}

Tuesday, March 11, 2008

McCain and torture

Today I’m finishing up my three-day look at Bush’s recent veto of a bill that would forbid the CIA from using torture. On Sunday, I talked about the importance of overriding the veto. Yesterday, I talked about why torture is a bad idea, as well as why the Bush-Cheney regime is so staunch in its defence. In both posts, I talked about John McCain, and how he should be at the forefront of urging that Congress override the veto. Today, I’m talking specifically about that aspect.

Everyone knows that John McCain was a prisoner of war during the Vietnam War, and that during that time he was tortured. So when in 2005 he planned to introduce an amendment banning the use of torture, he had the complete moral authority to take on the Bush-Cheney regime. It didn’t turn out that way.

As soon as McCain made his move, the White House moved to block him. Dick Cheney personally lobbied Congress, and instructed the leader of the Republican Party in the Senate at the time, Bill Frist (because Republicans controlled Congress), to ensure that no bill came before the Senate that McCain could attach his amendment to. This ploy worked for months, and most media attention was distracted by the disaster of hurricane Katrina.
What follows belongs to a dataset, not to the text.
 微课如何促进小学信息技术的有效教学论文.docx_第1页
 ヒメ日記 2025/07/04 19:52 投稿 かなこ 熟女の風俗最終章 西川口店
But the need to pass a military spending bill meant there could be no more delays, and McCain introduced his amendment. The White House announced its opposition, and declared that Bush would use his first-ever veto on the bill if the amendment was attached. The Senate voted 90-9 in favour of McCain’s amendment.

The battle moved to the US House, where Republicans maintained tight control over the process. The version of the bill they passed didn’t contain the McCain amendment. As the two houses worked to resolve the different versions, Cheney personally lobbied them to drop the McCain Amendment or, at least, to exempt the CIA. This would have had the effect of making torture by the CIA legal for the first time ever. McCain himself said it would be better to have no bill at all than to legalise torture by the CIA.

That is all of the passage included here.